Nas últimas semanas, têm existido manifestações em vários países europeus. O caso francês é o mais mediático, com milhões de pessoas a saírem às ruas para contestar o aumento da idade da reforma. A violência escalou e as imagens de confrontos entre a polícia e os manifestantes multiplicaram-se.
Pode este cenário ser repetido por cá? Para António Costa Pinto, não é completamente claro que assim aconteça. "Diria que não. Portugal é um país de conflituosidade social baixa em relação à média europeia", algo que "não é de agora, mas de sempre". Isto significa que "o número de greves, de mobilização sindical" por ano "é mais baixo" do que lá fora. Portanto, sintetiza, "a conjuntura é favorável, mas a tradição dos movimentos sociais aponta para, em primeiro lugar, uma menor mobilização e, em segundo lugar, aquilo a que chamamos uma menor dinâmica de movimentos sociais transgressivos".

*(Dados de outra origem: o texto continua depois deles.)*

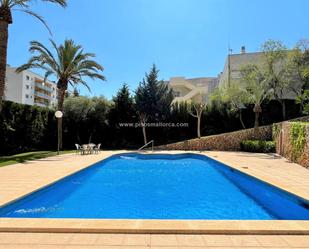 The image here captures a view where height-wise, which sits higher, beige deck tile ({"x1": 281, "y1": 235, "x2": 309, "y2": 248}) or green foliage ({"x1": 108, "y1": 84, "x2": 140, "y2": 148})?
green foliage ({"x1": 108, "y1": 84, "x2": 140, "y2": 148})

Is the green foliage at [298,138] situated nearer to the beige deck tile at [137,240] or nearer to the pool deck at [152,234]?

Outro especialista nestas matérias, o superintendente Sérgio Felgueiras, professor no Instituto Superior de Ciências Policiais e Segurança Interna (ISCPSI) e com uma tese de doutoramento na temática dos movimentos sociais, refere ao DN que, no contexto português, "há um quadro de ação para fazer um protesto", mas muitas vezes "não se conseguem mobilizar pessoas. Isso reflete muito alguma falta de participação das estruturas sociais na vida política portuguesa". Além disso, considera, "hoje em dia, assistimos muito mais a uma plataforma de protesto. No fundo, temos aqui uma bricolage de organizações e movimentos. Mas isso também tem um problema: a falta de liderança".
Por outro lado, Arménio Carlos considera que o importante é lutar e "efetivar a democracia", sim, mas sempre "dentro do respeito com os bens dos outros e não entrando em processos de vandalismo". Estes atos, diz, "nunca ajudam a luta dos trabalhadores, prejudicam sempre junto da opinião pública e facilitam as posições do governo, seja ele qual for".

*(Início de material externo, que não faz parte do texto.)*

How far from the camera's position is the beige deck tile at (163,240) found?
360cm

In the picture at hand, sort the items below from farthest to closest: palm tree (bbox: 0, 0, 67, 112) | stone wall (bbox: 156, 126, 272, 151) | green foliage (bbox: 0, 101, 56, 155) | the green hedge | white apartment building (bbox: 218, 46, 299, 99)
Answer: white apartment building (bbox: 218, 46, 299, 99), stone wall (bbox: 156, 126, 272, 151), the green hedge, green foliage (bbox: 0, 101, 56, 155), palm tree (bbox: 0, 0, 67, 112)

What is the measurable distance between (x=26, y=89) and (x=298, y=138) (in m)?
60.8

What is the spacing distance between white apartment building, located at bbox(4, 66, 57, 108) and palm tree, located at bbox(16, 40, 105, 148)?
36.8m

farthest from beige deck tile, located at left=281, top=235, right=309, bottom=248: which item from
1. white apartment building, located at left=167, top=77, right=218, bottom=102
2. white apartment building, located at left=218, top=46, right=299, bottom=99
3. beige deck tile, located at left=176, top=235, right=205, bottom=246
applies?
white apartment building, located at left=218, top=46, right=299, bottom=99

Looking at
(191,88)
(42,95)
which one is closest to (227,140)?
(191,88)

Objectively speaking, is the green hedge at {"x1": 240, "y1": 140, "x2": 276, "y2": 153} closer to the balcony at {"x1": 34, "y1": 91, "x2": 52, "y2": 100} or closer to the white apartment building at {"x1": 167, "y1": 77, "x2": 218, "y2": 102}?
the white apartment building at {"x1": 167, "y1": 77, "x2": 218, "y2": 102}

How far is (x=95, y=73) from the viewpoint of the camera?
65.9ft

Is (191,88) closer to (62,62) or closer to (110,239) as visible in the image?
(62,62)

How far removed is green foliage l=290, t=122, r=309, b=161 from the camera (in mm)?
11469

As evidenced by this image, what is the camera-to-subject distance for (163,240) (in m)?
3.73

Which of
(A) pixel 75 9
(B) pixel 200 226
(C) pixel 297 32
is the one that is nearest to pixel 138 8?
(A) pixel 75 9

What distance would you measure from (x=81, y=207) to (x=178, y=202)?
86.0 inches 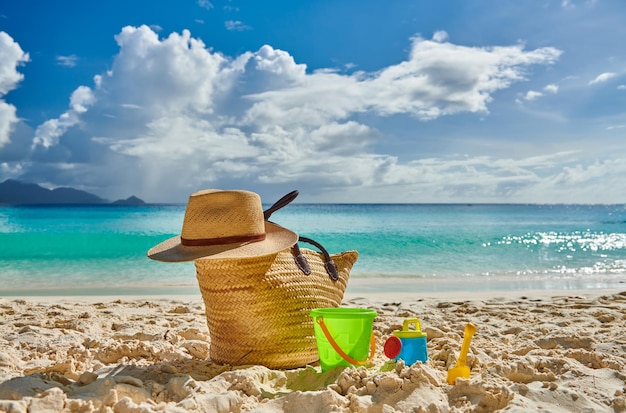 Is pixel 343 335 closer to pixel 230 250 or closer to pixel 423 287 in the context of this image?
pixel 230 250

Criado em 2018, o S.T.O.P (Sindicato de Todos os Profissionais da Educação) surgiu, na altura, como o 23.º sindicato de professores. Entretanto, a designação foi alargada para incluir os restantes profissionais do setor da educação. Apesar da data de fundação recente quando comparado com outros sindicatos da educação (a Fenprof, por exemplo, surgiu em 1983), tem-se destacado pela capacidade de união e mobilização em torno das iniciativas do sindicato.
Por outro lado, começam também a surgir movimentos de cidadãos anónimos, como o Vida Justa, que já organizou uma manifestação em que eram exigidas melhores condições de vida e habitação digna.

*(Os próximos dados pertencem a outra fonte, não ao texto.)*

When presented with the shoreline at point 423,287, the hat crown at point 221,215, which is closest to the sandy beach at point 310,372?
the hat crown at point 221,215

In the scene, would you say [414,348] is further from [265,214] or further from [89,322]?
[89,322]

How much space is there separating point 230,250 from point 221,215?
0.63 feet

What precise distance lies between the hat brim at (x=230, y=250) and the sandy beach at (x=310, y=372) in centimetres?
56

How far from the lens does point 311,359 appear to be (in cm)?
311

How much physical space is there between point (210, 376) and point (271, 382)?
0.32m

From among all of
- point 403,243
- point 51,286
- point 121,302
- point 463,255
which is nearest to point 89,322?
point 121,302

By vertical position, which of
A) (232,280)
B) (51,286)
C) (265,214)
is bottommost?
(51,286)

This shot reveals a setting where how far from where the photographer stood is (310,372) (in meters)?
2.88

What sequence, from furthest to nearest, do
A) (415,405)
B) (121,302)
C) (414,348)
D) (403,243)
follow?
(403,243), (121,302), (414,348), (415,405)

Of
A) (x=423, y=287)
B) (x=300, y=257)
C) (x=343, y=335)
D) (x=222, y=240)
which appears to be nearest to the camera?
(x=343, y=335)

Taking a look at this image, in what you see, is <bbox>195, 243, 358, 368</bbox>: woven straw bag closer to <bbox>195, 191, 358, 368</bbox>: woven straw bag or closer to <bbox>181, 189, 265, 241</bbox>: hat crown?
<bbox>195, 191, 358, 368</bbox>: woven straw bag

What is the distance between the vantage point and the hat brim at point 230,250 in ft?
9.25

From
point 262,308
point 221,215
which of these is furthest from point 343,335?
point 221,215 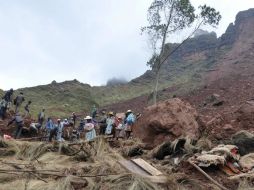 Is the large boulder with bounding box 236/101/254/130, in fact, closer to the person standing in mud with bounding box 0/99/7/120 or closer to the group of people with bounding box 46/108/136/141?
the group of people with bounding box 46/108/136/141

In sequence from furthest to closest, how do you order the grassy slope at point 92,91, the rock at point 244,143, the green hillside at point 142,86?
the green hillside at point 142,86 < the grassy slope at point 92,91 < the rock at point 244,143

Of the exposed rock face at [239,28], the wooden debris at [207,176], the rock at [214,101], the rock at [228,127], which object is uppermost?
the exposed rock face at [239,28]

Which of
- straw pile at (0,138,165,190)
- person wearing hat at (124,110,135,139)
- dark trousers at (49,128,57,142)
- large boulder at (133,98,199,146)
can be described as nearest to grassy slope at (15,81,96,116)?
dark trousers at (49,128,57,142)

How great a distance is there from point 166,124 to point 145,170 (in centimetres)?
457

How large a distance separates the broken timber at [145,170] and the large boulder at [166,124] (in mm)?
3936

Mas, olhando para o contexto português, que possibilidades têm estes dois (e tantos outros) casos de se afirmar num cenário em que o sindicalismo dito tradicional ainda perdura? Segundo o superintendente Sérgio Felgueiras, "para o movimento ter sucesso, segundo uma agenda clássica dos estudos desta área, é preciso que haja e se tenha a capacidade de mobilizar recursos". Isto, claro, aliado a outro fator: "as oportunidades políticas". "É preciso perceber se há uma abertura até do sistema para que sejam criados movimentos sociais, se é o momento em que estamos em condições de reivindicar e é preciso uma mensagem, que tem de convencer as pessoas a participar. Portanto, há duas linhas de pensamento". Quais? "Porque é que importante as pessoas juntarem-se a um movimento, porque é que vale a pena, e é preciso que haja uma mensagem de esperança. Tem de haver vontade e necessidade de mudar a situação. É isso que mobiliza as pessoas". Estas três dimensões (recurso, oportunidades e uma causa justa) são, diz, "difíceis de encontrar". "Se fizermos uma radiografia ao que tem surgido por cá, vemos que se calhar há aqui uma plataforma de pessoas a surgir da sociedade, que num primeiro momento está tudo bem, mas, depois, quando é preciso outro tipo de decisões, por vezes falham. É isso que faz com que alguns movimentos surjam e fiquem e outros acabem por desaparecer", completa.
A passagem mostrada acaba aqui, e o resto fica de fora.